I’m a big fan of Kermode and love his reviews. In general, he seems to get it spot on (even if he is a bit of a humourless old bore when it comes to comedy films) but I wholeheartedly disagree with this element of his Avatar review.

Aside from spears flying at you and people falling into ravines, Kermode goes on, you simply don’t notice the 3D anywhere else.

I’ve heard several people mention something along these lines after seeing the film and I honestly wonder if they’ve walked into the 2D version by mistake.

The 3D is present in every frame and adds depth to the various lush environments Cameron has created. Those who play first person computer games will know how important it is for the world you are thrust into to feel real and there is only so much depth that can be offered in a 2D image. In Avatar, trees, people and items which are in the foreground are in the foreground and items in the distance are in the distance. It takes a while for your eyes to adjust at first, but once they do, it is magic.

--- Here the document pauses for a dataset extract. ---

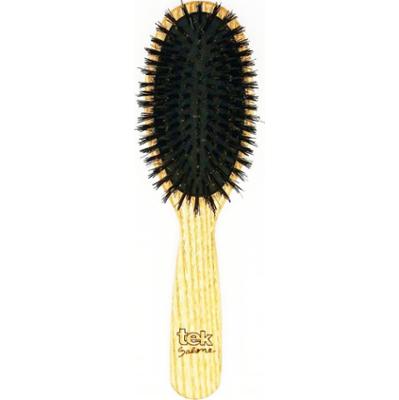 Tek Drewniana szczotka z włosia dzika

It’s hard to explain without seeing it, therefore I urge you to head to your local multiplex if you haven’t already done so. It’s the first 3D film I’ve seen and it looks like I’ve picked the best one. Hugely impressive, even if the film was a little flimsy on the whole.

As the 3D debate rages on, I simply can’t agree with the notion – as suggested by Kermode and various other critics – that it is simply a mechanism to stop piracy. This is clearly nonsense, as all 3D films so far have been released in parallel with a 2D counterpart. Therefore, there will always be a version for someone to steal and put on the internet.